Der VfL Bochum testen in Velbert – Schleppender Start in die Vorbereitung

Für einige der angereisten VfL-Fans stand bereits vor dem Testspiel gegen die SSVg Velbert 02 fest, dass es sich bei dem Regionalligisten nur um ein (Achtung, Zitat!) „Schlachtopfer“ handeln würde. Bei eher durchwachsenem Wetter versammelten sich immerhin 1200 Leute in der Christopeit Arena, um dem ersten Testspiel in der Vorbereitung beizuwohnen. Recht schnell waren die Fronten auf dem Platz geklärt.

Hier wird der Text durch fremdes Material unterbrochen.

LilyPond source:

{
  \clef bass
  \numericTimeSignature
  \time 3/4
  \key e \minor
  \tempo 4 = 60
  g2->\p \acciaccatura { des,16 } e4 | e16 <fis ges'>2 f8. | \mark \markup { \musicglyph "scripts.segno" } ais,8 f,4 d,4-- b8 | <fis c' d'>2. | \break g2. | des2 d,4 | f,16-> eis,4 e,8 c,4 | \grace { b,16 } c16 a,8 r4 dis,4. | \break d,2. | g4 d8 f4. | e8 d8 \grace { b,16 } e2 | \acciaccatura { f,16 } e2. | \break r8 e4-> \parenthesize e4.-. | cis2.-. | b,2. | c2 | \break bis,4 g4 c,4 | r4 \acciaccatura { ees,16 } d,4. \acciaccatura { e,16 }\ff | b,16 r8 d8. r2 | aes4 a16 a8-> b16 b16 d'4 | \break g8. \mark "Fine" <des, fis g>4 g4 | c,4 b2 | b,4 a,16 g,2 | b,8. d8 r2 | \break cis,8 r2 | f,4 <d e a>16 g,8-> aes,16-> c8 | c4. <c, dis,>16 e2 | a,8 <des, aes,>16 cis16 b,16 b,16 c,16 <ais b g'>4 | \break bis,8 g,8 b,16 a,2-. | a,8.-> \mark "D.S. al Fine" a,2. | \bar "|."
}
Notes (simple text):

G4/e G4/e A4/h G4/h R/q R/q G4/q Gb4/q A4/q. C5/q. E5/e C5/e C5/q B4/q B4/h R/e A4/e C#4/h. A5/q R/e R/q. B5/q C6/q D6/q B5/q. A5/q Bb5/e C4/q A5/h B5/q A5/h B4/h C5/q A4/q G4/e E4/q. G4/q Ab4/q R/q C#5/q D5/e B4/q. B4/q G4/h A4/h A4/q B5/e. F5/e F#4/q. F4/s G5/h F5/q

Die Bochumer ergriffen von Anfang an die Initiative und beherrschten den Ball – aber nicht den Gegner. Dieser kam in der Anfangsphase durch eine verunglückte Flanke sogar zu einem Lattentreffer. Danach sollte der VfL allerdings das Spielgeschehen zunehmend kontrollieren. Auch wenn die Durchschlagskraft nach vorne fehlte und der Ball häufig horizontal durch die eigene Defensivreihe geschoben wurde, was aber auch der erstaunlich guten Defensivleistung des Regionalligisten zuzuschreiben sein dürfte. Bezeichnend für das Spiel der Bochumer war, dass das Tor des Tages durch einen „Sonntags-“Schuss zustande kam. Daniel Engelbrecht nahm sich aus rund 40 Metern ein Herz und überwand den Velberter Keeper sehenswert mit einem Schuss in den Winkel. Zu guten Torchancen sollten die Bochumer erst in der Folge kommen. Engelbrecht, Cwielong und Butscher brachten das Tor der Gastgeber aber nicht ernsthaft in Gefahr.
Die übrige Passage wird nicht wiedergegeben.